Gestern ist eine Menge Neues über Destiny und den DLC „Dunkelheit lauert“ bekanntgeworden. So viel, dass eine der wichtigsten Informationen fast im Meer der Destiny News verschluckt wurde: Vier bis acht Wochen werden Destiny-Spieler darauf warten müssen, bis sie ins Filetstück des neuen Cotents „Dunkelheit lauert“ vordringen können, in den harten Modus von „Crotas Ende.“ Der startet erst „irgendwann im Januar.“
Diese Entscheidung von Bungie lässt erkennen, dass man nicht so recht zufrieden damit war, wie schnell sich Hüter durch „Die Gläserne Kammer“ gearbeitet hatten. Da hielt der „normale“ Modus für Vielspieler nur eine Woche und schon knabberten sie am Endgame, das eigentlich vier Monate halten sollte.

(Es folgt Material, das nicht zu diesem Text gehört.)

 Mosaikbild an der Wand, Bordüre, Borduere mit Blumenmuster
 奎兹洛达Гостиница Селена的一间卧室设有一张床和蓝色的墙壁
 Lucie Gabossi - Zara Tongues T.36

Zum Ende des Contents hin, nach 14 IDs im harten Modus von „Die Gläserne Kammer“, klagten Vielspieler darüber, dass alles langweilig werde: Es gebe nichts Neues. Schon vor Monaten machte man den Raid auf hart mit drei Leuten oder arbeitete an irgendwelchen Tricks. Als dann nur zwei Hüter den Raid auf “hart” schafften, war das Ende der Fahnenstange erreicht.
Derweil erlebten andere Spieler den Raid im November zum ersten Mal und wären jetzt erst bereit, ihn auch im „harten Modus“ zu sehen, es steht aber schon der neue Content an.
Bungie setzt auf Gating-Taktik: Content muss wohl länger halten
Nun kommt man bei Bungie mit einer „Gating“-Taktik: Statt das ganze Add-On von Anfang an freizuschalten, zündet man es in Stufen. Das heißt: Man stellt die Spieler erst einmal vor verschlossene Türen, die sich erst nach Ablauf einer bestimmten Zeit öffnen. Vielleicht steht der Zeitpunkt auch noch gar nicht fest, sondern man wartet mit der Öffnung des Hard-Modes, bis eine bestimmte Spielergrenze überschritten wurde, die nun dafür bereit ist.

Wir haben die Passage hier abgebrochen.